=== Data shown ===
++++++++++++++++++++
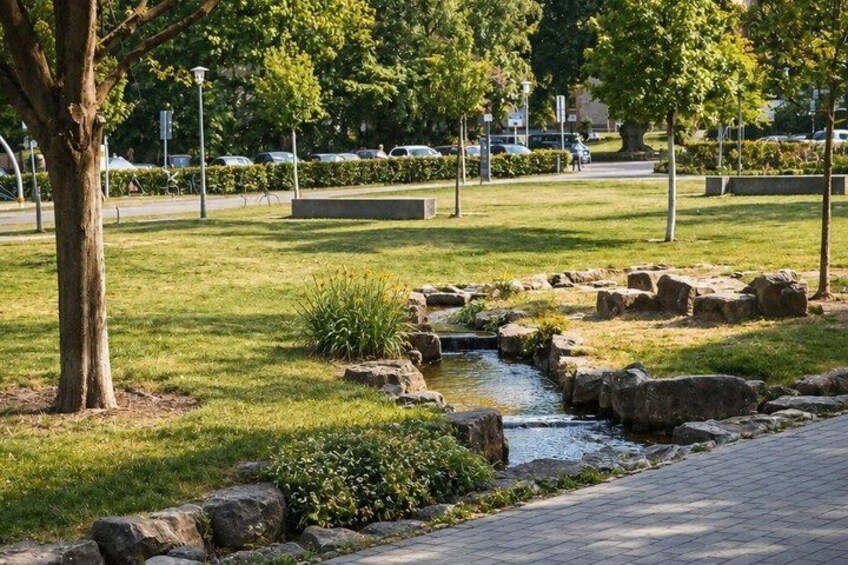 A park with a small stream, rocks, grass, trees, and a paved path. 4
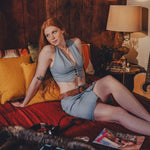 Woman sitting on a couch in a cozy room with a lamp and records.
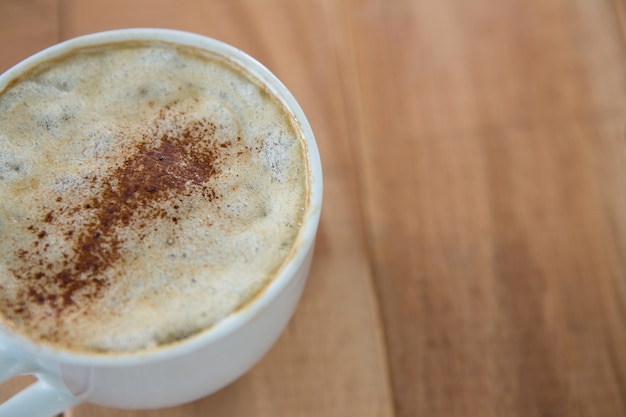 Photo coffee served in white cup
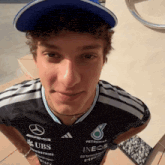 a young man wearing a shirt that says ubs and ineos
++++++++++++++++++++
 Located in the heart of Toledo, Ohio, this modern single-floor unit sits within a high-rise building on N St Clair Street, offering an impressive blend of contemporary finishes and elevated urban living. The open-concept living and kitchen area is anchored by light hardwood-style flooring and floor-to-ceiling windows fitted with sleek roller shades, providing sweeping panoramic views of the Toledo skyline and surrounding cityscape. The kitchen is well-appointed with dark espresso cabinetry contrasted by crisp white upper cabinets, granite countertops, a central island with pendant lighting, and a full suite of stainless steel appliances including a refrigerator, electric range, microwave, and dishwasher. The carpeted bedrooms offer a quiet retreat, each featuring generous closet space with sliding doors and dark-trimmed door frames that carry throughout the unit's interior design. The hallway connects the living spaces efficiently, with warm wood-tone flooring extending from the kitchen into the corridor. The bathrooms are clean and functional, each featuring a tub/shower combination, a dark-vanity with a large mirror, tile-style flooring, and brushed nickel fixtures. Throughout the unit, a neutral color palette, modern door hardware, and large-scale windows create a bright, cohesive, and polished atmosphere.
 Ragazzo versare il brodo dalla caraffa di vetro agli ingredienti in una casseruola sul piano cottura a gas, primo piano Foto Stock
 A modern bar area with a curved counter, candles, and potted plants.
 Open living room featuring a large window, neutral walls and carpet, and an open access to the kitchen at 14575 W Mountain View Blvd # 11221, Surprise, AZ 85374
++++++++++++++++++++
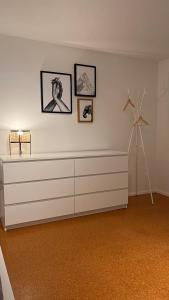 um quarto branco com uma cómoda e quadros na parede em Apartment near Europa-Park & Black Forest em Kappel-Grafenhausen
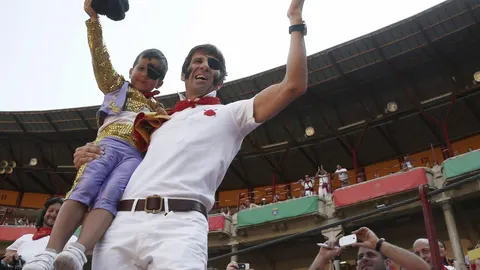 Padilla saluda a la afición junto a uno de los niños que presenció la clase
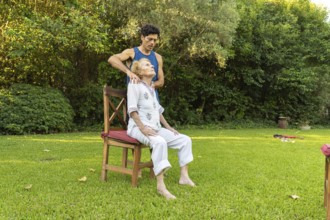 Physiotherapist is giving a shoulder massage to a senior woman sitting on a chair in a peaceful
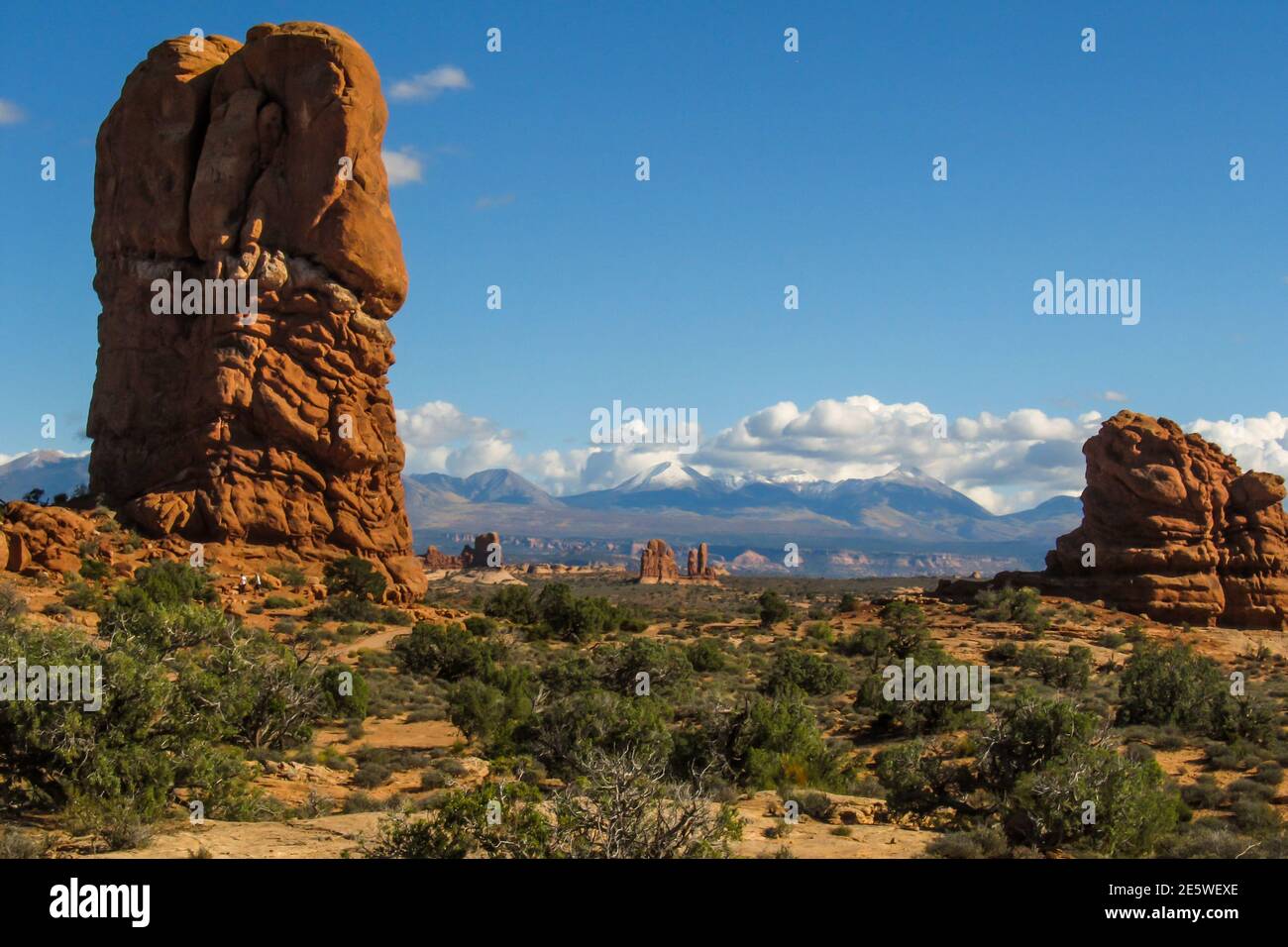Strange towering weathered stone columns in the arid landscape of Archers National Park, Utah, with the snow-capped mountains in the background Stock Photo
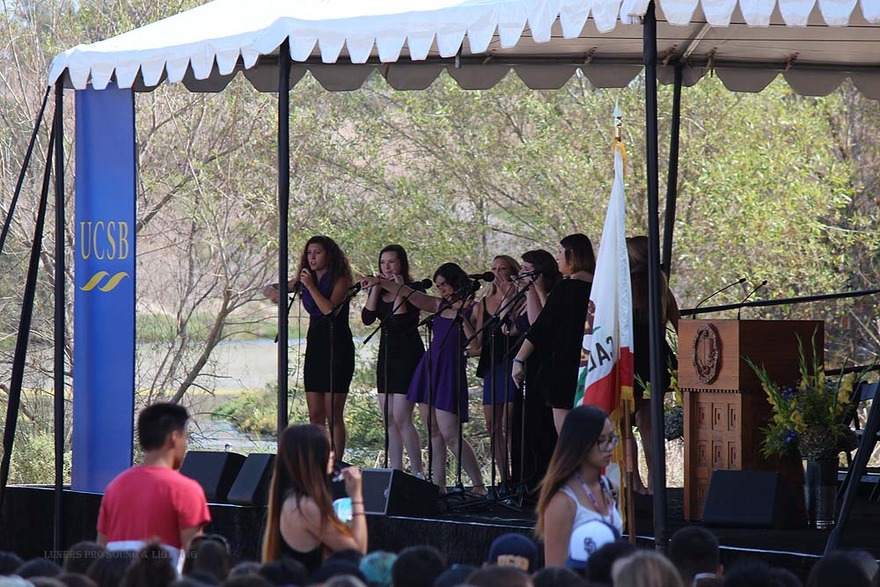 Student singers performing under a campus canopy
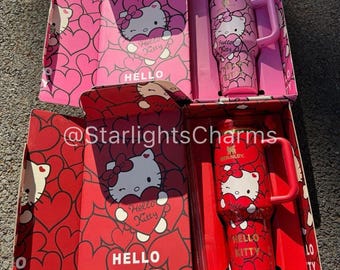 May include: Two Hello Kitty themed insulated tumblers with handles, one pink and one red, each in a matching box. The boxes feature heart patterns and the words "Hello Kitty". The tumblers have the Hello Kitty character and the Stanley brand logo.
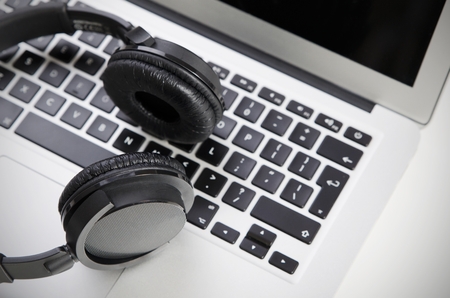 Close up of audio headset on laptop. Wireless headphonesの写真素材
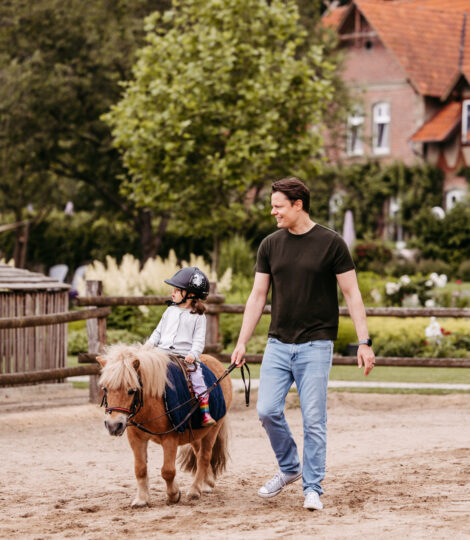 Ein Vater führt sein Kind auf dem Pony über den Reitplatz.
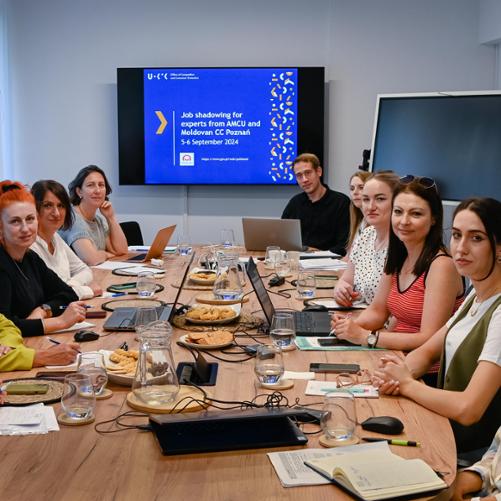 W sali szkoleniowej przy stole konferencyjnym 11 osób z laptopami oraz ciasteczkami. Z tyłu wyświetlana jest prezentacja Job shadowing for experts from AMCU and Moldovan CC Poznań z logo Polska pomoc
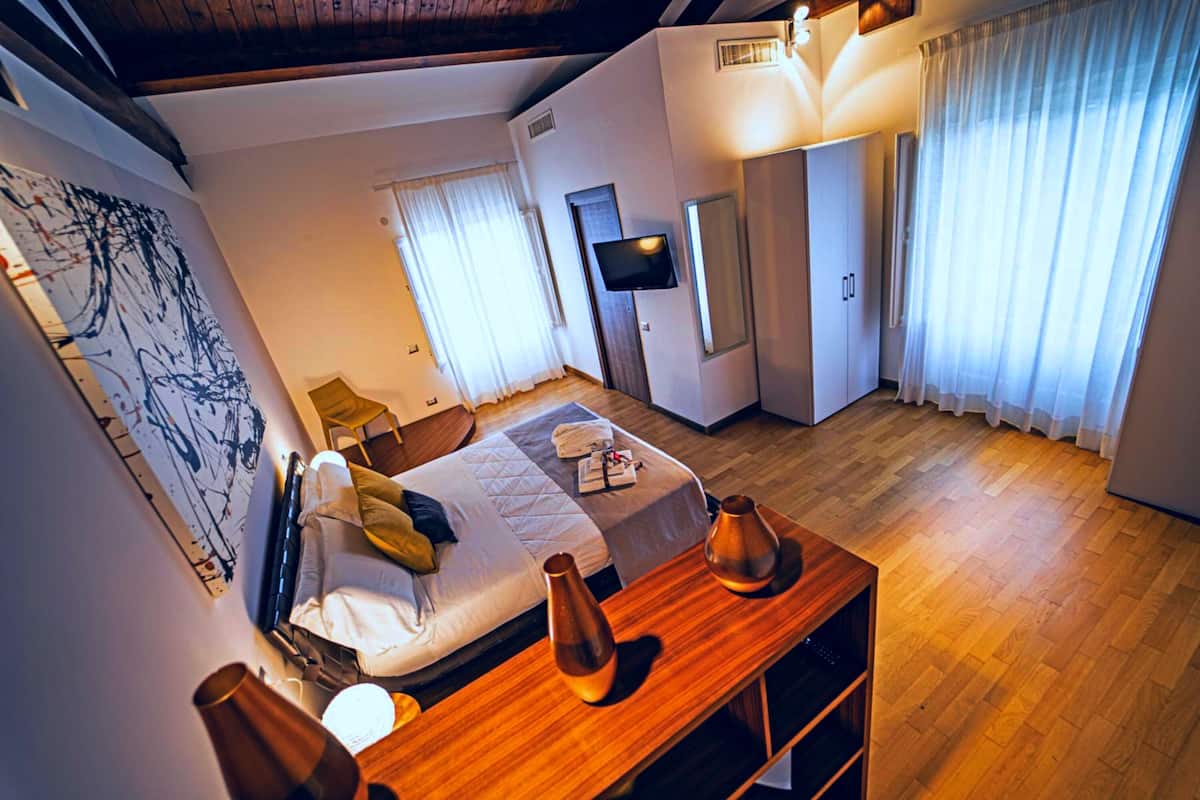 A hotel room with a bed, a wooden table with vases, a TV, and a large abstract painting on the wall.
++++++++++++++++++++
=== Task details ===
Return exactly the lines that appear in the data above between the line containing "Strange towering weathered" and the line containing "A hotel room", both of which are included, and leave the pictures out.

=== Solution to this problem ===
Strange towering weathered stone columns in the arid landscape of Archers National Park, Utah, with the snow-capped mountains in the background Stock Photo
 Student singers performing under a campus canopy
 May include: Two Hello Kitty themed insulated tumblers with handles, one pink and one red, each in a matching box. The boxes feature heart patterns and the words "Hello Kitty". The tumblers have the Hello Kitty character and the Stanley brand logo.
 Close up of audio headset on laptop. Wireless headphonesの写真素材
 Ein Vater führt sein Kind auf dem Pony über den Reitplatz.
 W sali szkoleniowej przy stole konferencyjnym 11 osób z laptopami oraz ciasteczkami. Z tyłu wyświetlana jest prezentacja Job shadowing for experts from AMCU and Moldovan CC Poznań z logo Polska pomoc
 A hotel room with a bed, a wooden table with vases, a TV, and a large abstract painting on the wall.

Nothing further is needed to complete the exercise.